Firstly, the Law on Administrative Procedure was supposed to start with implementation in January this year. However, this has been postponed for six months. Another delay was suggested at the last Government session – for January 1, 2017.
This situation is indicative of the passivity of Montenegrin institutions, which were unable to ensure basic conditions for the implementation of the Law since December 2014, when it was adopted, and to mutually align the relevant legislation with this act.
As a reminder, the new Law is set to improve the administration’s service orientation, among other things, and to follow the postulate of actively helping those citizens that start the procedure against an administrative body, to improve electronic communication between citizens and administration, as well as to enhance legal protection in cases of administrative silence.

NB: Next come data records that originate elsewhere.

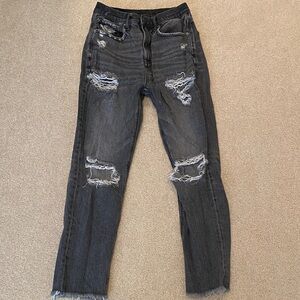 aeo highrise wide leg jeans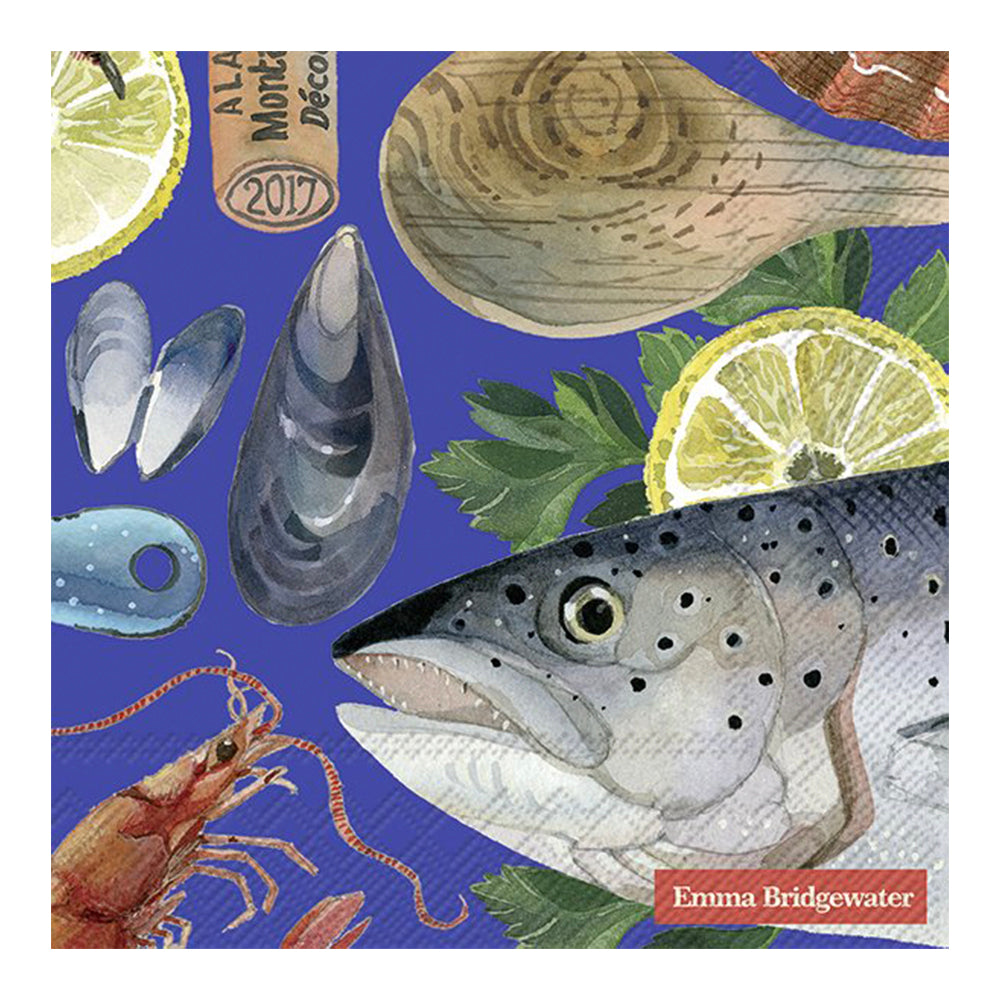 Emma Bridgewater Fish Supper Blue IHR Paper Lunch Napkins 33 cm sq 3 ply 20 pack
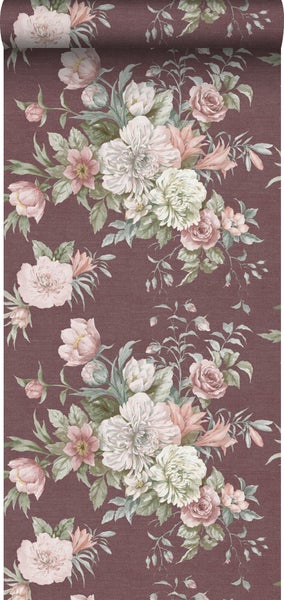 Borastapeter Tapete Blumenstillleben Rot - 53 cm x 10.05 m - 660262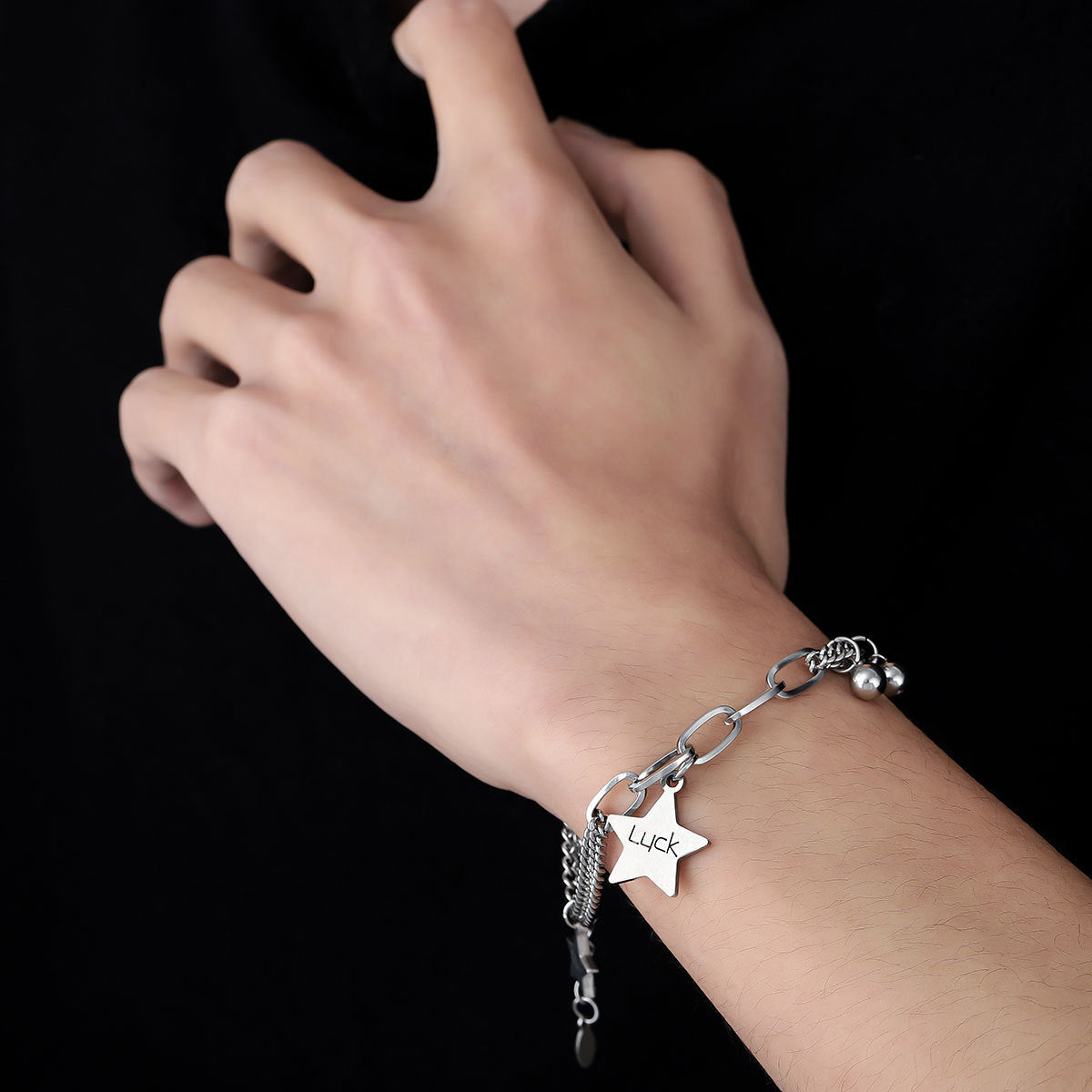 Men Stainless Steel Link Bracelet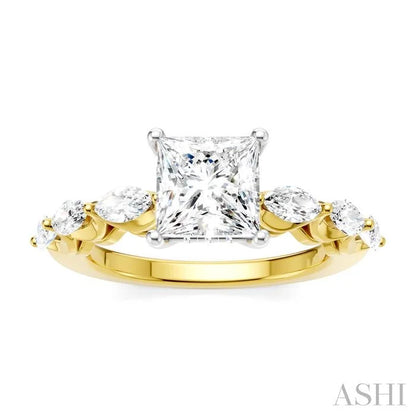 Princess Shape Semi-Mount Diamond Engagement Ring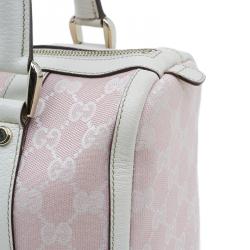 Pre Owned Gucci Pink GG Canvas D-Ring Boston Bag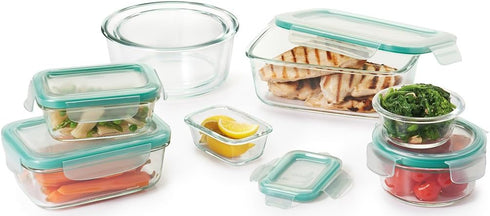 OXO Good Grips 3.5 Cup Smart Seal Airtight Glass Rectangle Food Storage Container...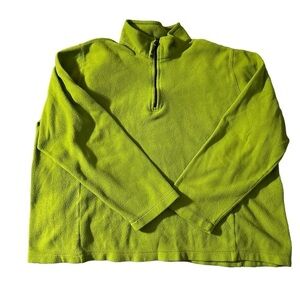Lands' End kids size large neon green pullover fleece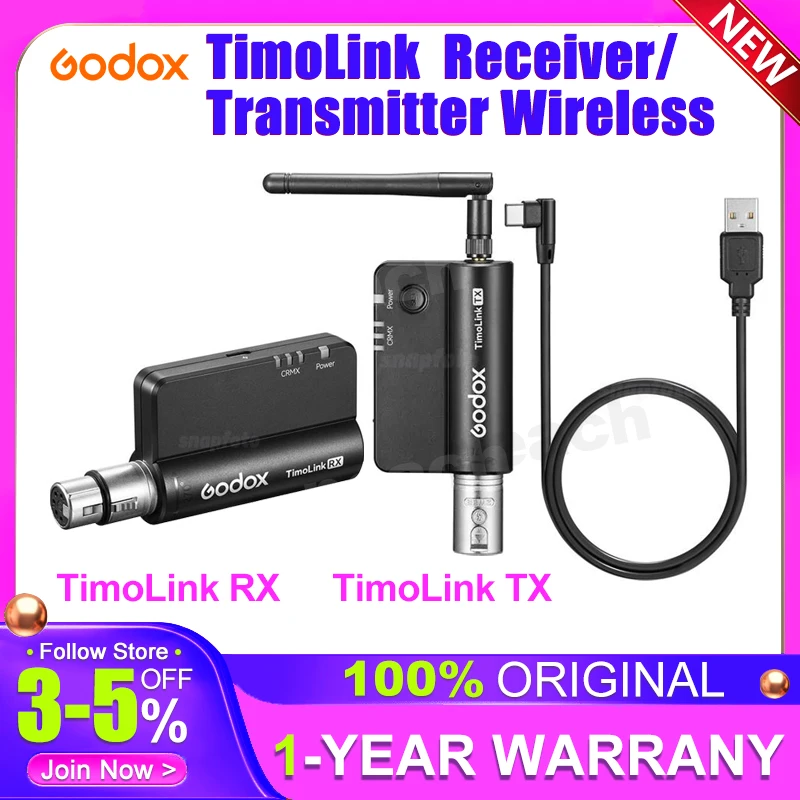 Godox TimoLink TX RX 무선 DMX 송신기 리시버 세트, 자동 주파수 호핑, CRMX 루멘 라디오 내장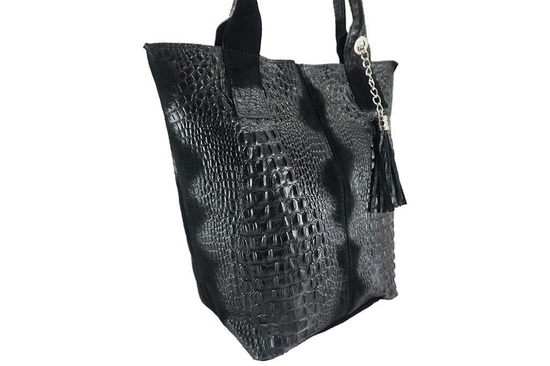 Modny worek skórzany CROCO Barberinis - Czarny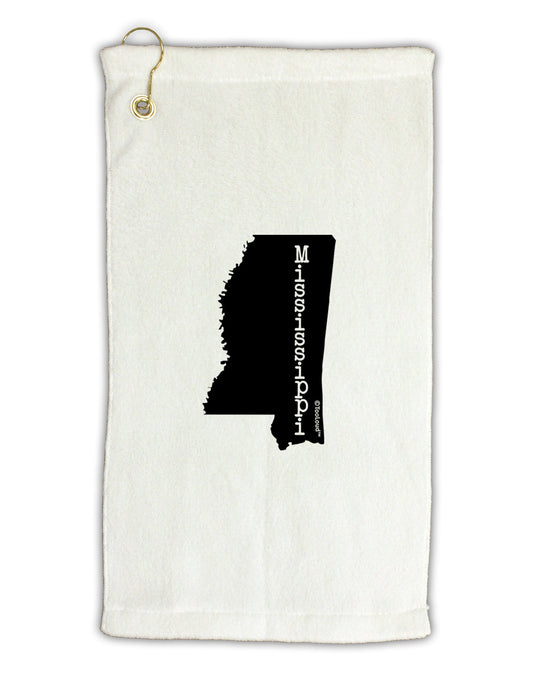 Mississippi - United States Shape Micro Terry Gromet Golf Towel 11"x19-Golf Towel-TooLoud-White-Davson Sales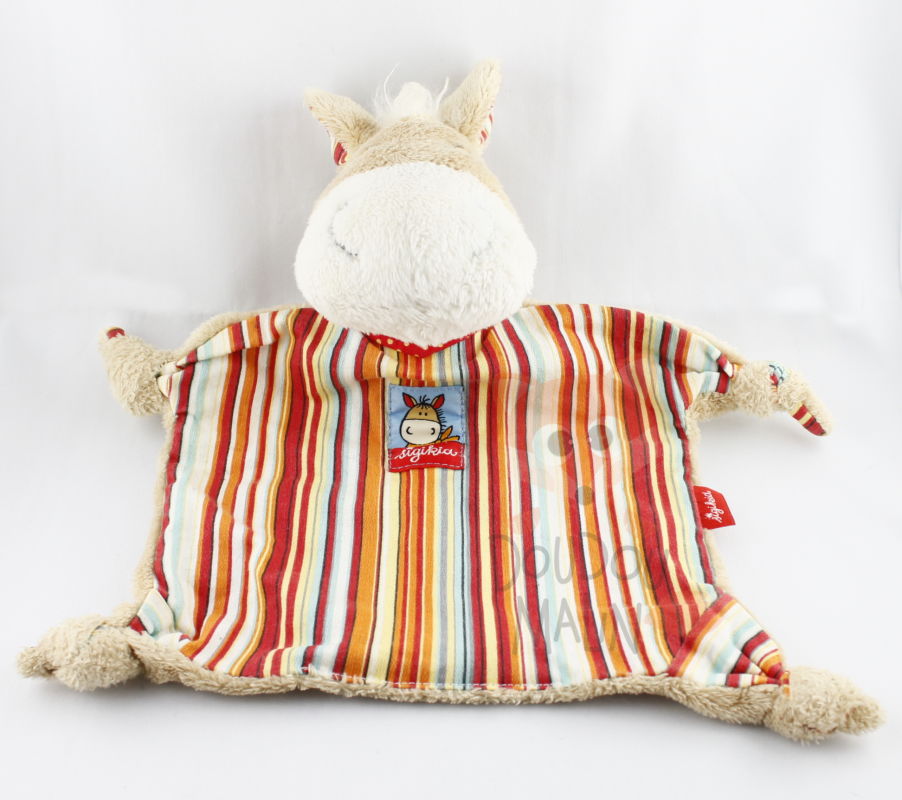  cheval plat rouge orange rayé beige noeud 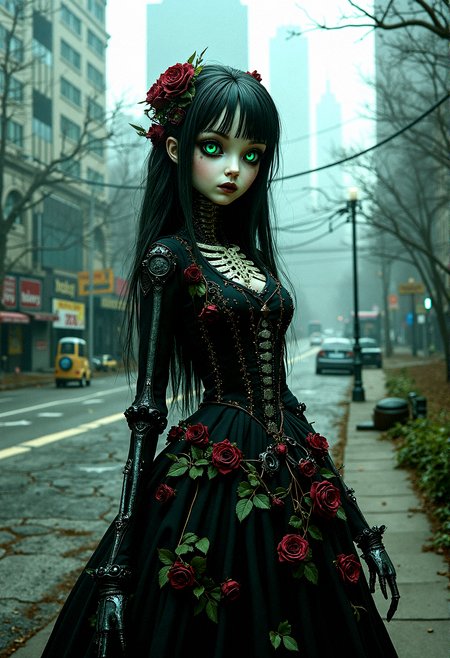 long haired,
A  female character with a delicate doll-like face and luminous green eyes, wearing a gothic Victorian dress entwined with roses and vines. She stands in a dimly lit city park, her mechanical skeletal features exposed and intricately detailed with floral patterns. The scene is set against a foggy backdrop of a modern cityscape with towering skyscrapers, cracked pavement, and abandoned vehicles, all captured in extreme realism with a 35mm camera filter.







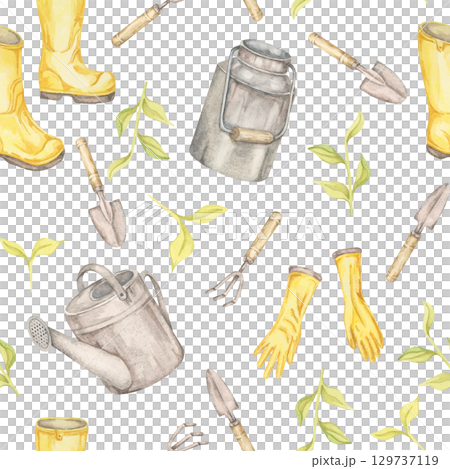 Yellow boots, gloves, trowels, watering cans, and green sprouts in a seamless pattern watercolor clipart. Gardening illustration. Ideal for garden-themed fabrics, packaging, stationery, eco branding Yellow boots, gloves, trowels, watering cans, and green sprouts in a seamless pattern watercolor clipart. Gardening illustration. Ideal for garden-themed fabrics, packaging, stationery, eco branding 129737119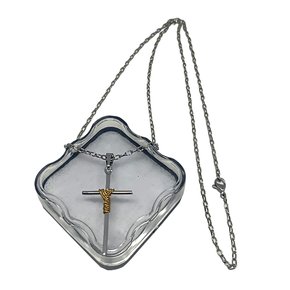 Corrente Com Pingente Cruz Fina Em Inox com Manto Corrente Dourado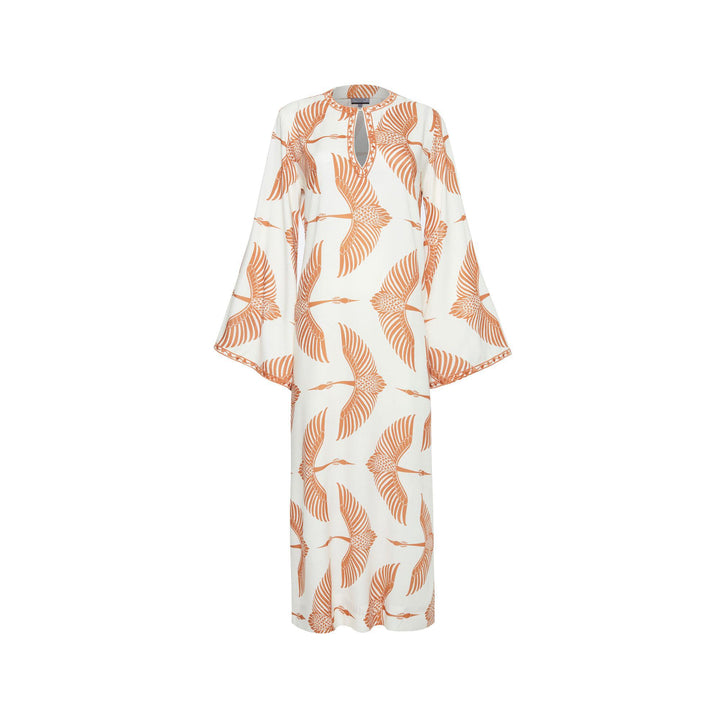 Wings Embroidered Long Kaftan - Beige/Cinnamon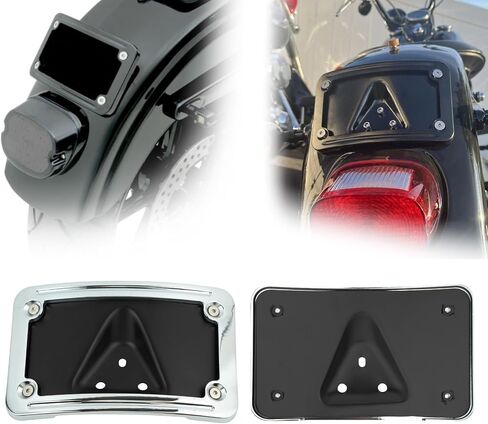 3148 Curved Laydown License Plate Mount with Frame for Harley 3 Hole Mount, Rear License Plate Bracket (Black) in Saudi Arabia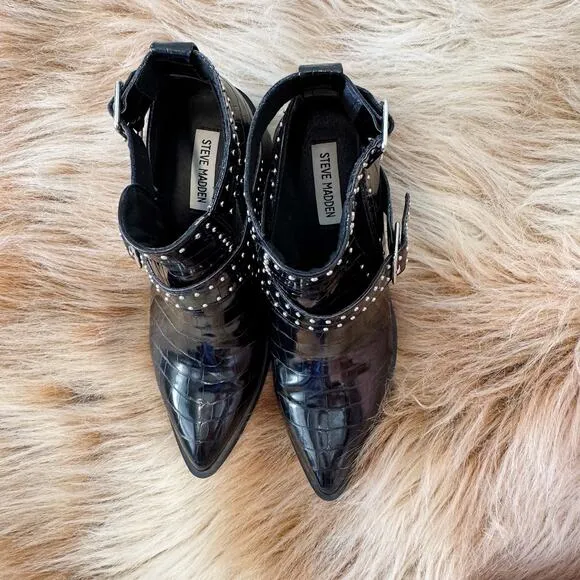 Steve Madden Andy Croc Embossed Studded Buckle Ankle Boots Black Size 8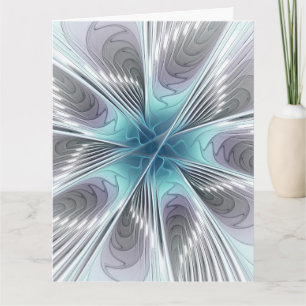 Elegance Modern Blue Gray White Fractal Art Flower Thank You Card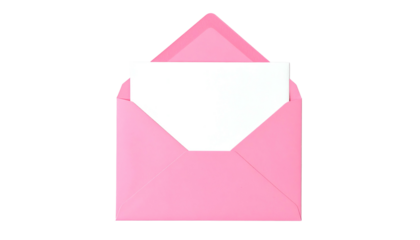 A pink envelope is open, with a blank white card inside, against a solid black background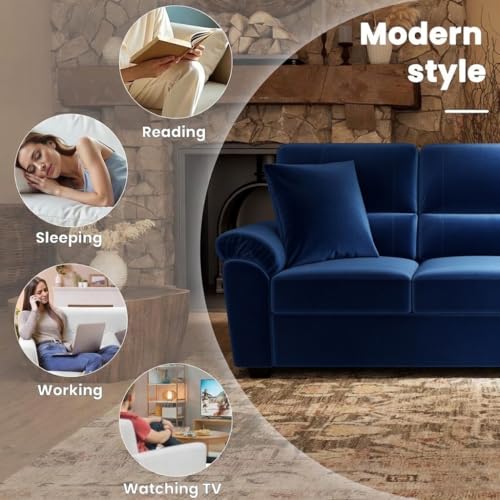 Image of Anderson Sofa Set for Living Room | Sectional Sofas | Premium Fabric Sofa for Home Office | Fabric Sofa Set | Fabric Sofa (Blue Fabric, 3+1 Seater)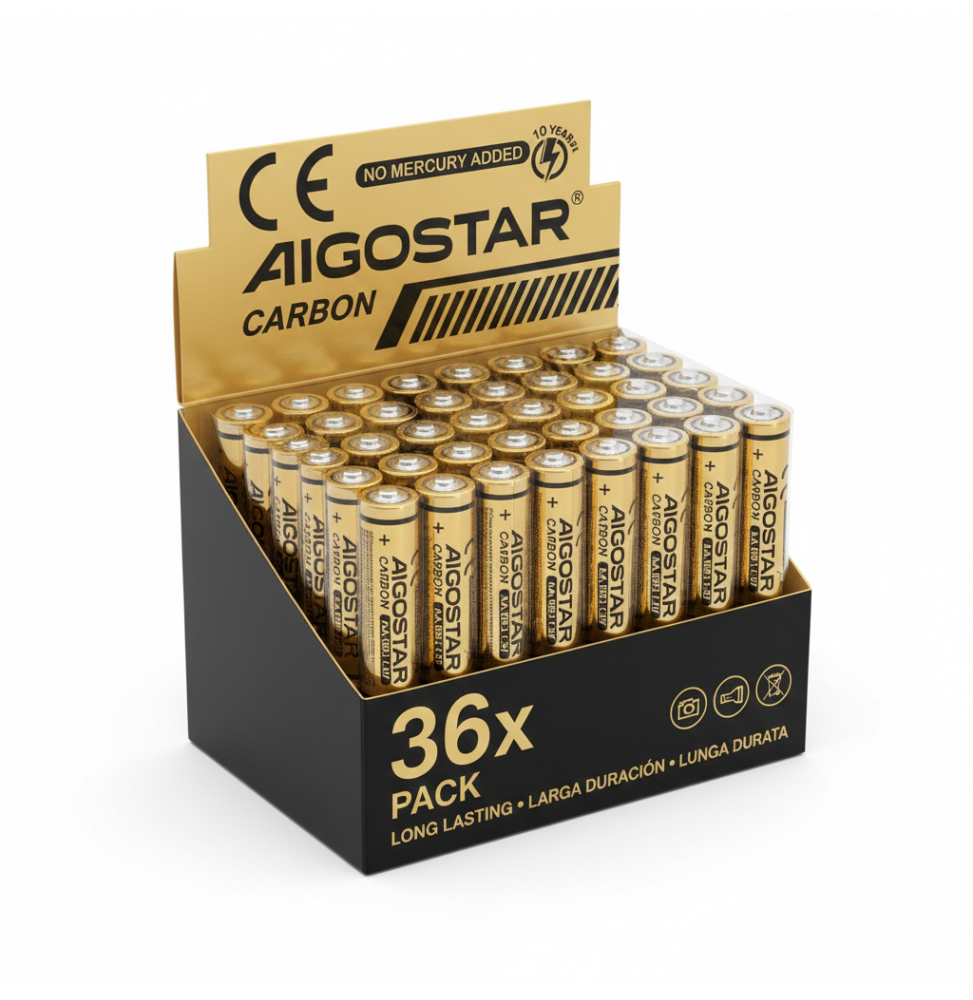 Aigostar Batterie AAA Mini Stilo Zinco Carbone 1.5V Set 36 Pezzi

Even though it is necessary to ensure sound basis for implementation of systemic laws, the so far lack of coordination among institutions does not leave us with optimism that another six-months delay will essentially improve the state in this area. In addition to that, besides technical accordance of regulations, institutions have not done enough either to familiarise citizens with legal remedies or to establish a service aid for administrative service users.
One of the novelties of the Law is that the second instance body, if it is to decide on a second instance level, is encouraged to make a final merit-based decision on the very matter.
By doing so, a so called ping-pong effect would be pre-empted between administration, second instance bodies and Administrative court. So far, this effect has been demonstrated in endless returning of cases to the first instance bodies, namely due to the breaches of administrative procedure. On the other hand, citizens are deprived of the final decision on whether their rights were essentially or merely procedurally violated. Therefore, the mechanisms established to protect their rights are in fact alienating them from the administration, that is suppose to be at their service.
The Law on Administrative dispute is the other side of the coin when it comes to the ping pong effect, because it prescribes court protection of rights and legal interests of citizens regarding the administrative proceedings. However, this regulation is still ”on hold” at the Parliament of Montenegro.
A conclusion can be drawn that our institutions need overall 5 years to bring about a Law, particularly having in mind that the reform of administrative procedures has started in 2011, although only partially, with an excuse of “bridging” the earlier bad solutions.Therefore, it is logical to assume that the long awaited beginning of the implementation of the new Law will be efficient and that it will efficiently respond to the needs of citizens and protection of their rights, which is of particular importance.